Great leaders, like Abraham Lincoln or Winston Churchill, did not need "communications secretaries" telling them what to think and do, nor have they needed focus groups to tell them what the public is thinking and what policies they should pursue. Great leaders act from deeply held principles and inner convictions. They do not talk about having moral compasses: they possess them.

How did the No. 10 media operation descend into such a sorry state? The press office in Downing Street came into existence only in 1931. Hitherto, the limited relations with the press, and with the BBC after its foundation in 1927, had been managed comfortably by civil servants. The rise of broadcasting, and the 1931 economic crisis, were the catalysts for an office exclusively dedicated to managing press contacts. The demands of post-war reconstruction after 1945, and the burgeoning regional and overseas media, saw No. 10's media operation explode in size.

In the following years, two very different kinds of "press secretary" emerged. Career civil servants, such as the diplomat Donald Maitland to Edward Heath, or journalists already known to the prime minister, such as Joe Haines to Harold Wilson. Whatever their background, their role was the same: to link the prime minister with the outside world and to secure the most sympathetic coverage possible for what they were trying to do.

The job first began to become politicised under Clement Attlee, who chose Francis Williams in 1945, a journalist who had worked for the wartime Ministry of Information. Attlee had little taste for handling the media, and was happy to delegate much to Williams, who he left alone to do the job as he saw fit, looking at cabinet minutes, attending its meetings and talking to whomever he wanted to. The job was further politicised under Wilson, a prime minister obsessed with the next day's headlines, in the 1960s. The development of the 24-hour news cycle further heightened the role of the press secretary and the tendency for prime ministers to spend far too much of their energy reacting to immediate events.

Effective periods for British prime ministers have often coincided with unobtrusive press chiefs at No. 10. When Thatcher was at her strongest and most effective, between 1981 and 1987, Ingham was at his best. But in her last two years, she had come to rely far too much upon his advice and that of her foreign policy private secretary, Charles Powell. Ingham, with his gruff Yorkshire exterior, would prepare her daily press summary and had literally become her eyes and ears on her diminishing world. John Major was at his most effective from 1990 to 1992: having inherited a divided party, he united it to win a general election. At his side as press secretary was Gus O'Donnell, the Treasury civil servant who is now Cabinet Secretary. Although naive initially, O'Donnell was thoroughly correct in his management of the media and did not seek to intrude into decision-making, nor did Major encourage him. Gordon Brown was equally well served by Michael Ellam, who also came from the Treasury.
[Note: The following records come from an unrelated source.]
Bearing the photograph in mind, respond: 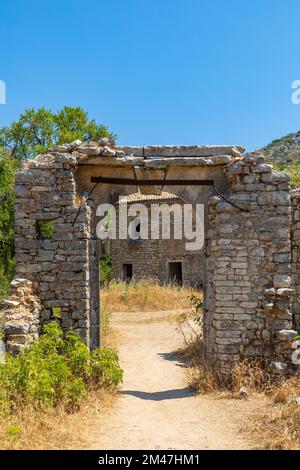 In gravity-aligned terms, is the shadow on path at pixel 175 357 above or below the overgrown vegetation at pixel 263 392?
below

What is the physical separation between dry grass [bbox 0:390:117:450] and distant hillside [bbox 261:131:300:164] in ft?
98.6

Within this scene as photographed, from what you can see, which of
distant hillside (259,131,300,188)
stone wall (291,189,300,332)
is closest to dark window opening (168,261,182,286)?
distant hillside (259,131,300,188)

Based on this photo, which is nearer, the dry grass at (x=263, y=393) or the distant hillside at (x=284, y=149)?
the dry grass at (x=263, y=393)

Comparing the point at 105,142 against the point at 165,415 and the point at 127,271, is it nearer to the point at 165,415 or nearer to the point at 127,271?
the point at 165,415

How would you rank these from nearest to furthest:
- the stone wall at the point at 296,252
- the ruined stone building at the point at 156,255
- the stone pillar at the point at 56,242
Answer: the stone pillar at the point at 56,242, the stone wall at the point at 296,252, the ruined stone building at the point at 156,255

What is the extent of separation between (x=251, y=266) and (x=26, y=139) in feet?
46.1

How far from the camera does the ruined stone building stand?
22.1 meters

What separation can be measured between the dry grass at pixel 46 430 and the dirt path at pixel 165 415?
169 mm

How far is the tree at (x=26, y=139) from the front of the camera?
1573 cm

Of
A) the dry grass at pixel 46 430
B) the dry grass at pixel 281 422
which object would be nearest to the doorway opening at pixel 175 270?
the dry grass at pixel 281 422

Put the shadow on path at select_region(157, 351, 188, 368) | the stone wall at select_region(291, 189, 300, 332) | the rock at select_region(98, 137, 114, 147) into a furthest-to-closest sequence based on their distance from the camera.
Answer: the shadow on path at select_region(157, 351, 188, 368), the stone wall at select_region(291, 189, 300, 332), the rock at select_region(98, 137, 114, 147)

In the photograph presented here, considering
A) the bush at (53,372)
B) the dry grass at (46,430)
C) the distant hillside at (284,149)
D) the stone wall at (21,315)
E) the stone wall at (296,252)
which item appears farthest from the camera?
the distant hillside at (284,149)

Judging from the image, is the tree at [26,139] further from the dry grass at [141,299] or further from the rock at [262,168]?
the rock at [262,168]

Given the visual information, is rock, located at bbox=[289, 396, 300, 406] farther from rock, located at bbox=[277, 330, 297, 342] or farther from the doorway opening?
the doorway opening
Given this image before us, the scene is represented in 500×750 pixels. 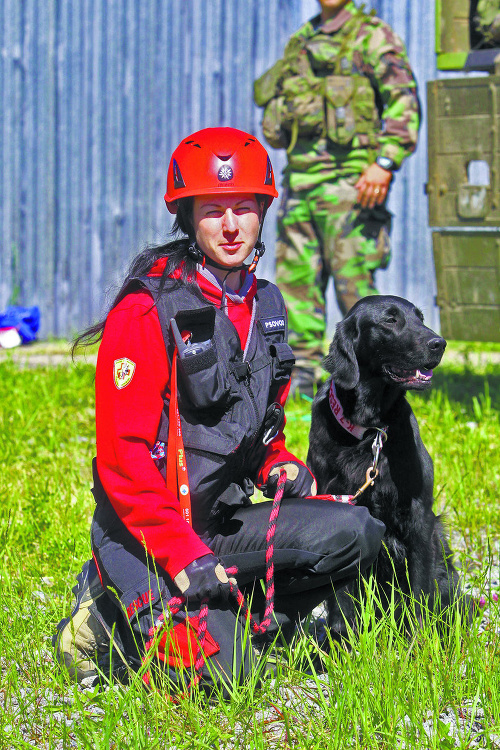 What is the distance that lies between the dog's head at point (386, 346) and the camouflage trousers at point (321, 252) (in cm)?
268

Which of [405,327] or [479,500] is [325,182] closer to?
[479,500]

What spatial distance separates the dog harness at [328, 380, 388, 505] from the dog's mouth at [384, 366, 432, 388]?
155 millimetres

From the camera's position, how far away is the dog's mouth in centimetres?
260

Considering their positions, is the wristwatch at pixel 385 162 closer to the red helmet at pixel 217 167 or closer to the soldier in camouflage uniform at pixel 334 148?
the soldier in camouflage uniform at pixel 334 148

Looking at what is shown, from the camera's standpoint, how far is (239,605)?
7.45 feet

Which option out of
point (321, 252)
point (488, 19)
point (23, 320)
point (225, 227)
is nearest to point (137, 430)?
point (225, 227)

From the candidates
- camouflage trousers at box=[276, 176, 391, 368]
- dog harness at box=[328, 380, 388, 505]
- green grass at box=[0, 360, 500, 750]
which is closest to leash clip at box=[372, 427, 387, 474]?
dog harness at box=[328, 380, 388, 505]

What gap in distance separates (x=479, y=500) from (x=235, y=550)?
156 centimetres

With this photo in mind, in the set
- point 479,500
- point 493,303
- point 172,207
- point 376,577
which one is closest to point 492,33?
point 493,303

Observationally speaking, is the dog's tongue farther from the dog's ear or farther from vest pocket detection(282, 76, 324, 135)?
vest pocket detection(282, 76, 324, 135)

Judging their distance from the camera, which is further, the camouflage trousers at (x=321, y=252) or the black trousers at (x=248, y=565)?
the camouflage trousers at (x=321, y=252)

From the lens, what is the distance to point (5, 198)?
8984 mm

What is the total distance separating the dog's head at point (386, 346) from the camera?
261cm

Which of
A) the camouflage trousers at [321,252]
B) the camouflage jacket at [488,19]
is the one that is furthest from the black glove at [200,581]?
the camouflage jacket at [488,19] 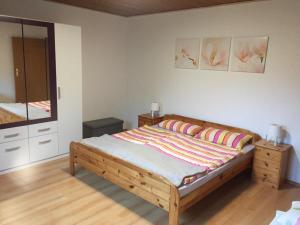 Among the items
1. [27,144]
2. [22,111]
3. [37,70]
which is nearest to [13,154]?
[27,144]

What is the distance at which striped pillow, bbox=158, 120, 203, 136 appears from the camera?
12.8 feet

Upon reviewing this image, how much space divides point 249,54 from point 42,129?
3020 mm

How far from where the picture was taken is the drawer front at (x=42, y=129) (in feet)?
11.5

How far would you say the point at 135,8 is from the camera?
163 inches

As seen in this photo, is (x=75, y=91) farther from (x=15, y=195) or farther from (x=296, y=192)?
(x=296, y=192)

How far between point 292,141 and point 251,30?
5.10ft

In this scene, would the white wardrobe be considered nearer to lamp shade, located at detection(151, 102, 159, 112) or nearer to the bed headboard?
lamp shade, located at detection(151, 102, 159, 112)

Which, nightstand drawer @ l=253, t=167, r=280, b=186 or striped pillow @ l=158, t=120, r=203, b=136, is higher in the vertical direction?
striped pillow @ l=158, t=120, r=203, b=136

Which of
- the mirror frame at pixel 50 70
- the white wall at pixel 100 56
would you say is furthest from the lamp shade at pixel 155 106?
the mirror frame at pixel 50 70

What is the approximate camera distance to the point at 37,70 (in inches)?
135

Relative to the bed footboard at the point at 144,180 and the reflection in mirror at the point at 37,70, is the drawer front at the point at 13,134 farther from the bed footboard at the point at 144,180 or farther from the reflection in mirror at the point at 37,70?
the bed footboard at the point at 144,180

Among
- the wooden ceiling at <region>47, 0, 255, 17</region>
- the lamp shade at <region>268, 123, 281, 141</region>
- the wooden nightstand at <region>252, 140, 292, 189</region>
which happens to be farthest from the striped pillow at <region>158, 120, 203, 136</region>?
the wooden ceiling at <region>47, 0, 255, 17</region>

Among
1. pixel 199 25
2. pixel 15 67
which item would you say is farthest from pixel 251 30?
pixel 15 67

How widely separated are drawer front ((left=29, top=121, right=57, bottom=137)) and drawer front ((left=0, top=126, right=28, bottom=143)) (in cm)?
8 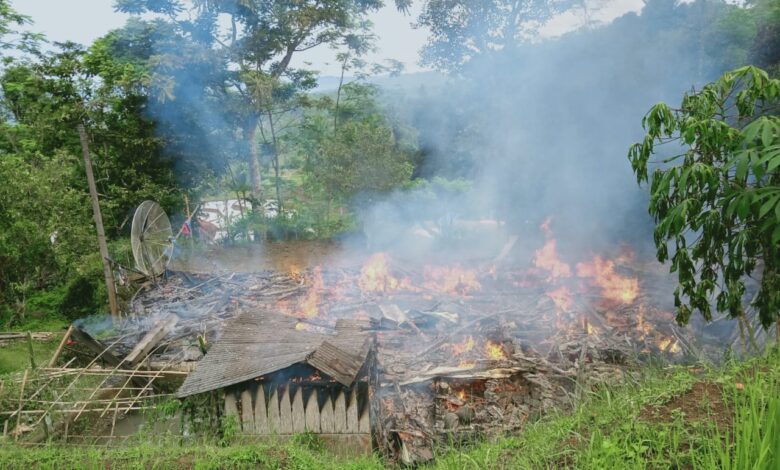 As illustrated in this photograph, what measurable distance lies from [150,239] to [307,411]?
10.1 metres

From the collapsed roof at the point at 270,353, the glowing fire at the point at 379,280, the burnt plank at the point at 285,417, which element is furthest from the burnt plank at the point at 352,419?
the glowing fire at the point at 379,280

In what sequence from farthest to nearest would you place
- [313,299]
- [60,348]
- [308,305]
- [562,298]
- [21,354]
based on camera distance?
[313,299]
[308,305]
[562,298]
[21,354]
[60,348]

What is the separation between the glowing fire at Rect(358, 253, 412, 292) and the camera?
15.5 metres

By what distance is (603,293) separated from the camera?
13562 mm

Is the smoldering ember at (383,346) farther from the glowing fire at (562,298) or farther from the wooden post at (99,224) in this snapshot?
the wooden post at (99,224)

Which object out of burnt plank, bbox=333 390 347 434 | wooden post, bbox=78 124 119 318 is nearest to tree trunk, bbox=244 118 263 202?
wooden post, bbox=78 124 119 318

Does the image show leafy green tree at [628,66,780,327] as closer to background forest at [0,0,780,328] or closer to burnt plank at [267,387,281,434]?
burnt plank at [267,387,281,434]

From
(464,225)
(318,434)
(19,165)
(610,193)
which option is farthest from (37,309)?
(610,193)

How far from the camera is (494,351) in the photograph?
10445 mm

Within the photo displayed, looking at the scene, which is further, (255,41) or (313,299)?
(255,41)

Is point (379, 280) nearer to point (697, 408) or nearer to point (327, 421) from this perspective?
point (327, 421)

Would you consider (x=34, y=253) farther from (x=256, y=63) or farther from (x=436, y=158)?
(x=436, y=158)

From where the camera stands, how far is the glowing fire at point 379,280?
15.5 metres

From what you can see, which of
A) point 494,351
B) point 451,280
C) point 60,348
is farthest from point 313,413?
point 451,280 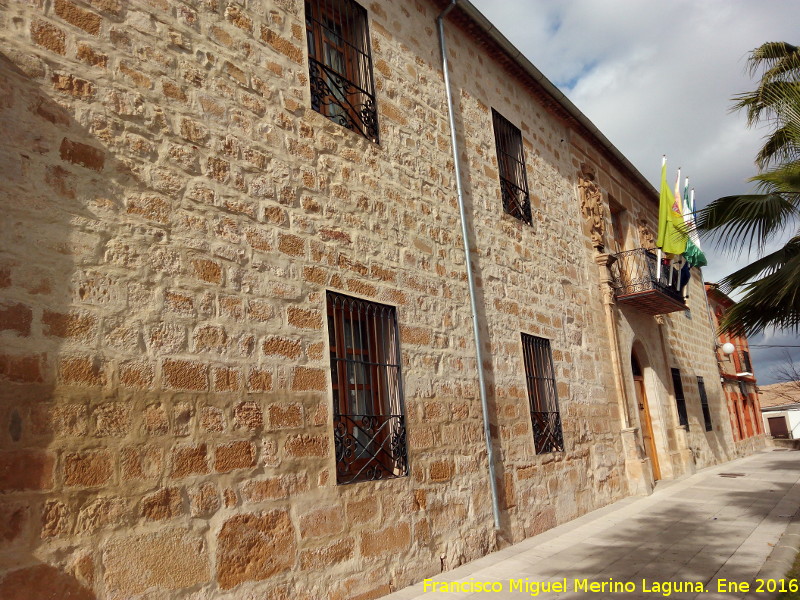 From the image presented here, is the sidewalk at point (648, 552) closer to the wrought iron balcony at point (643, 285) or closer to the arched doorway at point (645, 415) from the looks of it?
the arched doorway at point (645, 415)

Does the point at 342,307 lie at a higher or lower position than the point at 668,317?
lower

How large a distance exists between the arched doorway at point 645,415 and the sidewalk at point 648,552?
2.17 meters

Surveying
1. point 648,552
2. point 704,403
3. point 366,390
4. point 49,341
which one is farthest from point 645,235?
point 49,341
Blair, as he acknowledges now in his own memoirs, A Journey, squandered many of his first term opportunities from 1997 to 2001, when he enjoyed a strong economy, a large majority in parliament, and a demoralised Conservative Party. It was only from 2003 that he began to devise his own domestic policy agenda with its theme of choice and diversity, brought together by the most impressive policy lieutenant of his premiership, Andrew Adonis. It is no coincidence that Campbell disappeared from the scene at the same time, having proved incapable of eradicating the stain of "spin" from the premiership.

Cameron's new media regime needs to adopt a far more considered approach to handling the media. He needs to find a figure or figures of deep integrity and substance, who can win the trust of the media and hence the public by conveying a truthful picture of what is going on at the heart of British government. The successor regime must also be circumspect about intruding too far into policy, advising merely on the public relations angles rather than on the substance of policy itself. Great leaders know how to turn adversity to their advantage: if Cameron can use this misfortune to create a much more trusted No. 10, he will have achieved just that.